Each line in the data must be reproduced as written, except for any picture.

Stored data:
----------
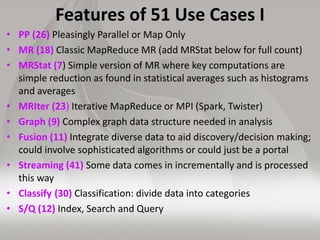 Features of 51 Use Cases I 
• PP (26) Pleasingly Parallel or Map Only 
• MR (18) Classic MapReduce MR (add MRStat below fo...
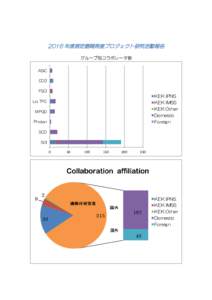 2016 年度測定器開発室プロジェクト研究活動報告 グループ別コラボレータ数 ASIC CO2 FSCI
----------
Finished task:
 Features of 51 Use Cases I 
• PP (26) Pleasingly Parallel or Map Only 
• MR (18) Classic MapReduce MR (add MRStat below fo...
 2016 年度測定器開発室プロジェクト研究活動報告 グループ別コラボレータ数 ASIC CO2 FSCI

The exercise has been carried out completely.